Wind Turbine Gust Prediction

Offshore wind power generation is a key component of the UK's commitment to deliver 15% of gross final energy consumption from renewable sources by 2020. Efforts to meet this target are prompting the design of ever larger turbines in order to capture more energy from the wind. However, as these structures grow taller, they become increasingly vulnerable to violent gusts of wind and other turbulent flow phenomena that are the primary cause of severe turbine damage. Advance warning of such gusts will enable turbine control systems to take preventative action, and so the ability to predict the strength of an oncoming gust is widely regarded within the wind energy industry as being a problem of critical importance.

This research project will seek to overcome this problem by demonstrating a system that can accurately forecast the velocity profile of an oncoming wind, given only limited spatial measurements from state-of-the-art light detection and ranging (LIDAR) units. This approach will exploit recent interdisciplinary advances in the application of optimal estimation techniques, from the control systems community, to fluid-mechanical systems governed by the Navier-Stokes equations. The research will draw upon the PI's existing expertise in dynamical estimation of fluid flows and the project results will feed into the host institute's current industrial collaboration with Vestas Wind Systems, who have agreed to provide the data and technical support required to maximise research impact.

The practical application of this work will be a gust detection system for use by the wind-energy industry. The key innovation will be the system's ability to predict the velocity profile of the oncoming wind in a sufficiently timely manner to enable a turbine control system to act in advance to maximise energy capture and minimise structural loading. This will pave the way for the industry to construct lighter, and therefore less expensive turbines, whilst reducing the unbalanced loadings upon turbine generators that are a principal cause of component failures. This will ultimately reduce the end cost to the consumer of the renewable energy generated from this technology, and thus improve its economic competitiveness against power generation from fossil-fuel based approaches. To this end, the host department recently entered a partnership in control systems research and development with Vestas Wind Systems. The results of the proposed research project will therefore be fast-tracked to the key individuals within the wind energy industry with the authority and knowledge to convert proof-of-concept into viable technology.

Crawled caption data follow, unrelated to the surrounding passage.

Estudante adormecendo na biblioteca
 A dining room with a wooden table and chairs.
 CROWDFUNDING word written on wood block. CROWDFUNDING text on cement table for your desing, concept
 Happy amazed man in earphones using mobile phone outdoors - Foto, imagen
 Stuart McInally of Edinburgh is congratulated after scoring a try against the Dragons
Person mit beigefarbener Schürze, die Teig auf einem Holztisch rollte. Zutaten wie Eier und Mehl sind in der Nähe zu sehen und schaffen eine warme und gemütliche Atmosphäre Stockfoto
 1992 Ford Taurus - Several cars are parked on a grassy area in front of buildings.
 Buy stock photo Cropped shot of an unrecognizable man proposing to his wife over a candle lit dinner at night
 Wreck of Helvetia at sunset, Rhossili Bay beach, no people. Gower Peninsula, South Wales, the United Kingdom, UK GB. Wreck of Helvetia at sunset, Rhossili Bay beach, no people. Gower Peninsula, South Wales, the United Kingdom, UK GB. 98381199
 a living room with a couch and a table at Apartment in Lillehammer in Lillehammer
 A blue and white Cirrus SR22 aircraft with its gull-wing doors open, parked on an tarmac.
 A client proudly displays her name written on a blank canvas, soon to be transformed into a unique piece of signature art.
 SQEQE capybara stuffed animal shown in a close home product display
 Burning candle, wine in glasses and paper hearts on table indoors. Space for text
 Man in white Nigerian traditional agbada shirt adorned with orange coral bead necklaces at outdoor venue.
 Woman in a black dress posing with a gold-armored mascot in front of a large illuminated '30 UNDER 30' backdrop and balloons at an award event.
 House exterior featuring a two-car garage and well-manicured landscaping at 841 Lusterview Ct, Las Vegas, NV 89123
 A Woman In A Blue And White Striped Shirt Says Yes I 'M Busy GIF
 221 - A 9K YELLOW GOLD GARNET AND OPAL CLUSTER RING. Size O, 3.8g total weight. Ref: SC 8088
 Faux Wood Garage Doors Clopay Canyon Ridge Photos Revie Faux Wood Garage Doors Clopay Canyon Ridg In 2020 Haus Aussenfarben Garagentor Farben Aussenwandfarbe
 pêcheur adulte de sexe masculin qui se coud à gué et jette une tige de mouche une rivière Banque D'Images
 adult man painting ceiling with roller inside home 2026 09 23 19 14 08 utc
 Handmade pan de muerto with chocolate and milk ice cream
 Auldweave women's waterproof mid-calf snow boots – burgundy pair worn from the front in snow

This research has been discussed with senior members of Vestas' Technology Centre, and they have subsequently agreed to host visits from the PI and post-doctoral research associate at Vestas' London office. These meetings will be used to discuss the technical aspects of the work and to present the research outputs with a view to commercial exploitation and further industrial funding, either directly or via a knowledge transfer account. It is anticipated that these meetings will identify commercially exploitable technology arising from the project, in which case the University of Sheffield's research and innovation team will be engaged to discuss the transfer of intellectual property.

The outcome of the project will naturally lead to further research in designing turbine controllers to use such predictions in an optimal fashion. To this end, the PI plans to apply for CASE studentships in conjunction with Vestas to support such work. This will provide training for high-quality PhD students in the field of flow-control and estimation, further expanding the UK's expertise, both industrially and academically, in this emerging and important interdisciplinary field.

To ensure the proposed research achieves significant impact, the dissemination of the research findings will be tailored towards relevant beneficiaries. The PI will manage the dissemination of results, with input from Vestas and the host department where necessary. In terms of technical content, the dissemination of research will be structured as follows:

1. The theoretical contributions will be disseminated to relevant communities, specifically the control systems and fluid mechanics communities. This will be achieved through journal publications, conferences and seminars.

2. The main technical results will be disseminated to the wind-energy industry, with an emphasis upon practical application. Dissemination will be via appropriate technology fairs and conferences.

3. The research outputs disseminated to the wider public will place emphasis on the relevance and importance of the work, and will do so at an appropriate technical level. This will be achieved through outreach programs, demonstrations and a purpose-built website. This will be linked to the host department's homepage and will explain the research outlined in this proposal. Links to the publications resulting from this work will be added, as will visual simulations of the flow to convey the central ideas behind the flow prediction scheme. In this way, the general public, as well as more technically minded readers will find access to the research. The PI will also work closely with the host department's undergraduate admission's officer to present the research at undergraduate open days to inspire prospective students to pursue a career in engineering.